It was critical, they said, that such conglomerates are not allowed to discriminate and manipulate the speed or services provided to the public in order to favor self-owned or other major conglomerate content.

The Comcast-NBCU merger:

For media watchdog groups and consumer advocates, the February 2013 merger of America’s largest cable and Internet company Comcast, with one of the country’s oldest and largest news and entertainment producers, NBC-Universal, is a binding case in point to voice their objection to creation of such behemoths.

In a deal that is expected to cost cable viewers as much as $2.4 billion over the next decade, the cable giant bought General Electric’s 49% stake in NBCU, which includes the network news division along with cable properties such as MSNBC and CNBC. This means that Comcast is the sole owner of NBC, instead of just owning a majority of the network (McChesney & Nichols, 2011).

In July 2012, Comcast had purchased Microsoft’s stake in to gain sole ownership. In a coinciding branding shift, became, and in early 2013, re-emerged as a site just for the cable channel. Comcast now owns the entire digital business of NBC News.

With this move, Comcast will now control one in five hours of all TV viewing in the United States; will own more than 125 major cable channels, television stations, websites, film studios and related production facilities; and will dominate local media controlling cable and Internet service and TV stations in major cities across the US (McChesney & Nichols, 2011).

The Indian scenario:

Although comparatively smaller, the Indian media is nevertheless significant in terms of its potential growth on the wings of increasing mobile Internet connectivity.

The horizontal and vertical mergers in India are still happening in the traditional media sector including newspapers and television. The April 2012 merger of the Hindi dailies Dainik Jagran and Nai Dunia is an example of horizontal merger; and the STAR (Satellite Television Asia Region) group’s control of cable distributor Hathway; the Zee group’s control of direct-to-home (DTH) satellite channels provider Dish TV, and the Sun group’s control of cable distributor Sumangali are examples of vertical integration (Thakurta, 2012).

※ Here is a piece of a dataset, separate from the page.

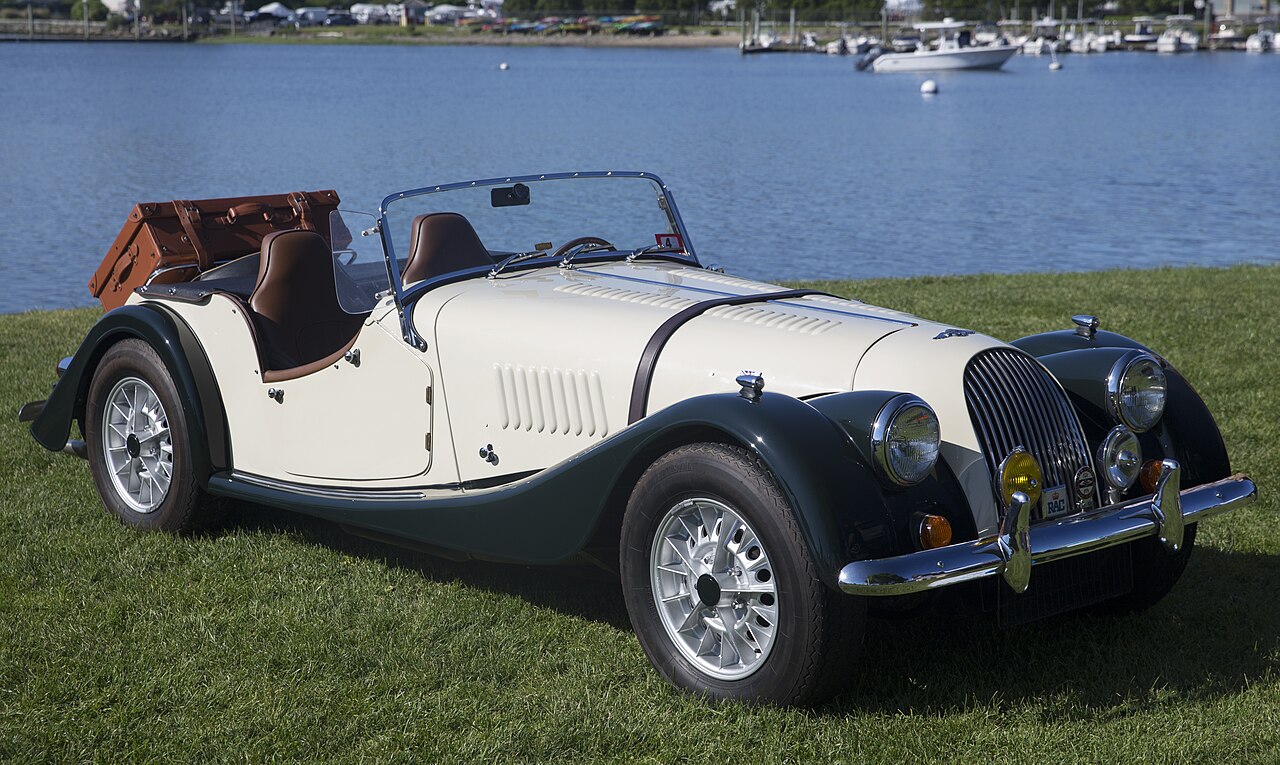 1971 Morgan Plus 8 in ivory with dark green wings and its roof down, front right three-quarter view on grass beside a harbour.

Of particular concern, however, are the recent diagonal mergers where telecommunications giant Reliance Industrial Limited (RIL) has entered into a strategic association with the media company Network 18 and the Eenadu groups; and the Aditya Birla group has acquired a substantial holding in the Living Media group (Thakurta, 2012).

Paying for content:

Most believe that the commercializing of cyberspace has majorly undercut the web’s prevailing “gift economy.” Although there will still be a great deal of free content produced by users, more and more content will come with a price tag. The choice of how we pay for web content can have enormous cultural implications (Jenkins, 2004).

Jenkins indicates that a shift towards a subscription-based model will result in greater media concentration and the construction of higher barriers of entry to the cultural marketplace, since most consumers will buy only a limited number of subscriptions and are more likely to buy them from companies that can promise them the broadest range of possible content (Jenkins, 2004).

The Net Neutrality debate:

Internet Service Providers (ISPs) are expected to not discriminate between different kinds of content on commercial grounds, which includes not giving priority to their own content over that of competing businesses. This principle also forbids the practice of a tiered Internet, that is, higher priced priority channels for faster and better quality carriage.

In the debate on net neutrality, the proponents say that if neutrality is done away with, the ISPs can discriminate against innovative apps; kill competition by selectively disallowing certain applications; control consumers making them inaccessible to other players; and set the price for prioritized content. This will hurt consumers in the long run (Sridhar, 2012).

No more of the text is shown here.